Debating the End of History - The Marketplace, Utopia, and the Fragmentation of Intellectual Life (Paperback)


Why do modern people assume that there will be perpetual economic growth? Because, David W. Noble tells us in this provocative study of cultural criticism, such a utopian conviction is the necessary foundation for bourgeois culture. One can imagine the existence of modern middle classes only as long as the capitalist marketplace is expanding. For Noble, the related-and relevant-question is, how can the middle classes believe that a finite earth is an environment in which infinite growth is possible?
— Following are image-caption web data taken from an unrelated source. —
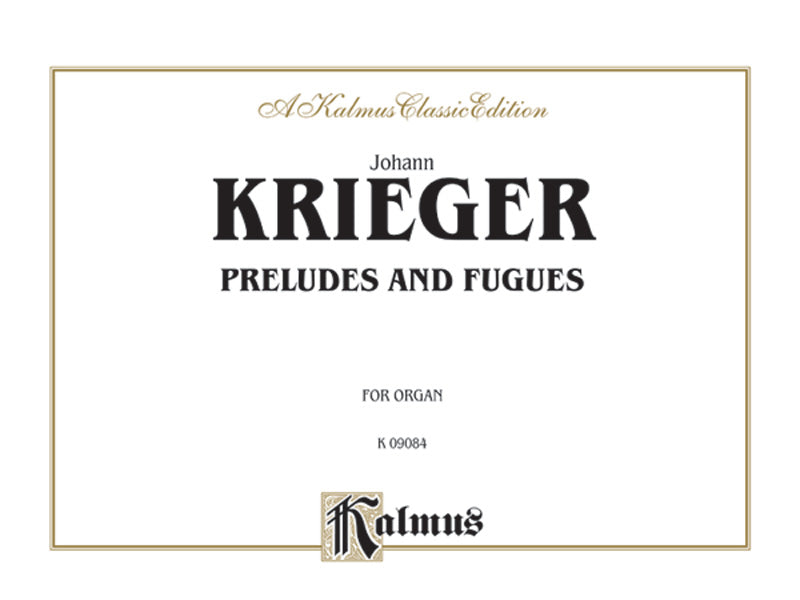Preludes and Fugues Cover Image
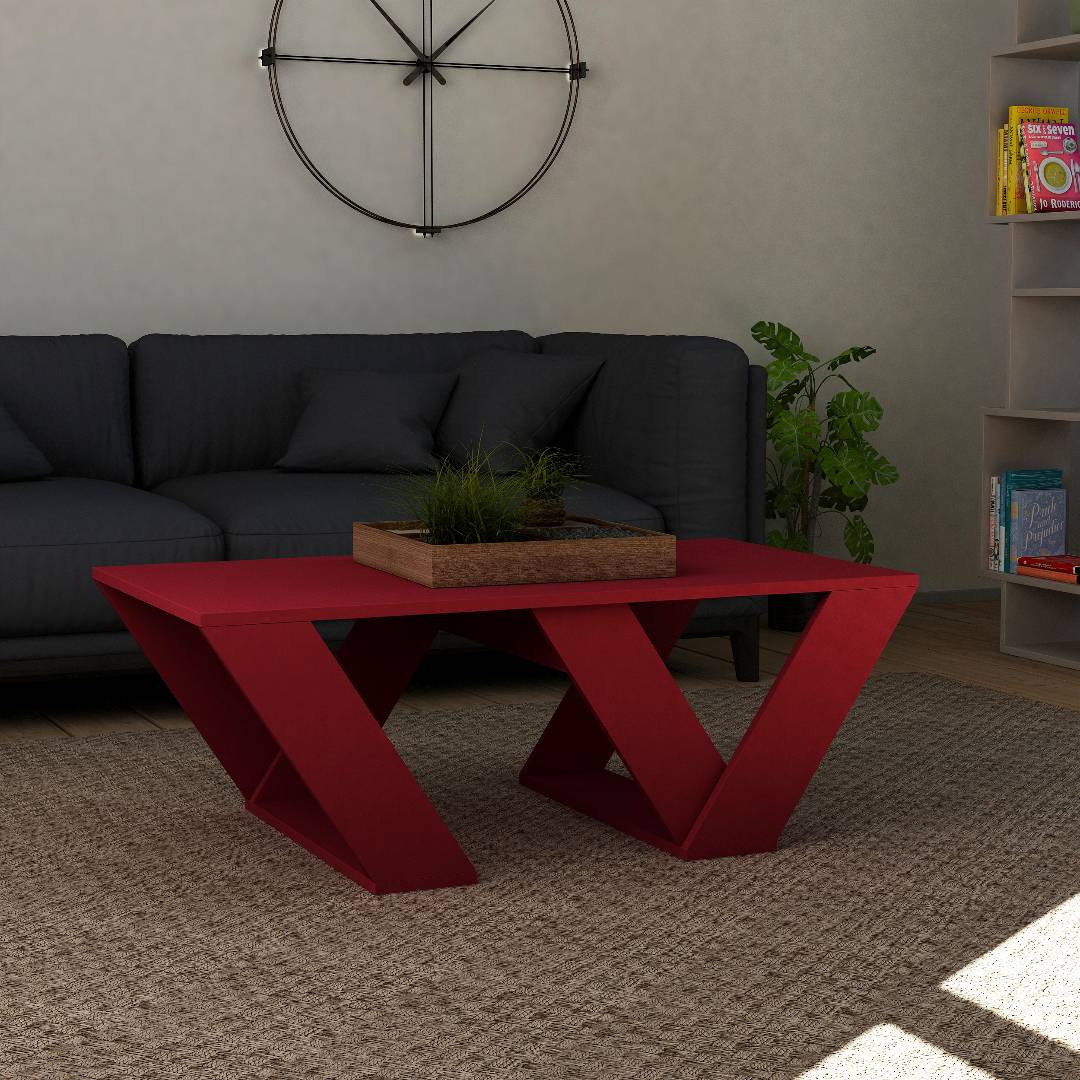 Ban tra go hien dai Cole 5 Bàn trà gỗ hiện đại Cole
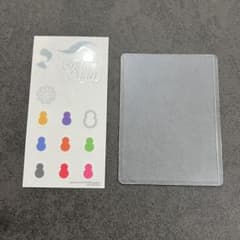 SnowMan 1st POPUP 特典 ステッカー トレカケース 入場特典 - メルカリ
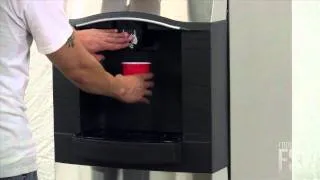 Manitowoc Full Size Cube Ice Machine - Indigo Series w/ Hotel Dispenser Video (ID-0322A_SPA-160)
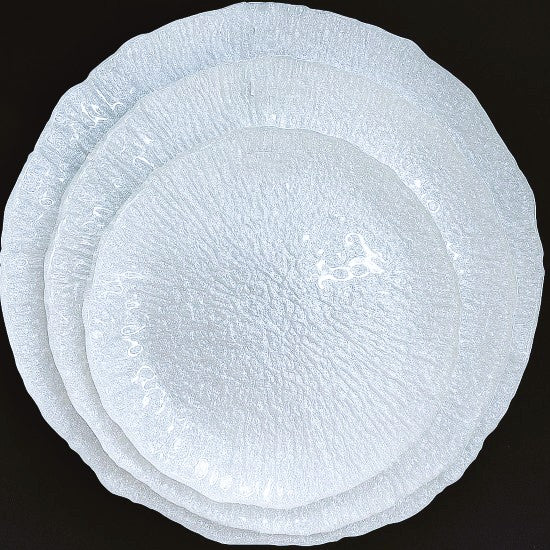 13" Chanterelle Pearl White Charger Plate - Item #68232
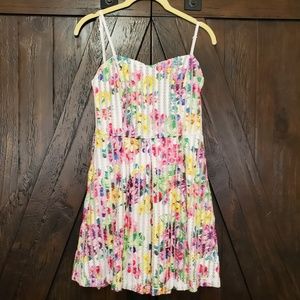 NWOT Luxmi Floral Mini Dress Small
The answer, which Noble so painstakingly charts, is nothing less than a genealogy of the uses and abuses of knowledge that lie at the heart of so many of our political problems today. As far back as Plato and as recently as Alan Greenspan, Noble finds proponents of the idea of a world of independent, rational individuals living in timeless simplicity, escaping from an old world of interdependence and generations. Such notions, although in sync with Newtonian science, have come up against the subsequent conclusions of geology, biology, and the physics of Einstein. In a survey of the responses to this quandary of historians, economists, literary critics, and ecologists, Noble reveals how this confrontation, and its implications for a single global marketplace, has forced certain academic disciplines into unnatural-and untenable-positions. David Noble's work exposes the cost-not academic at all-of the segregation of the physical sciences from the humanities and social sciences, even as it demonstrates the required movement of the humanities toward the ecological vision of a single, interconnected world.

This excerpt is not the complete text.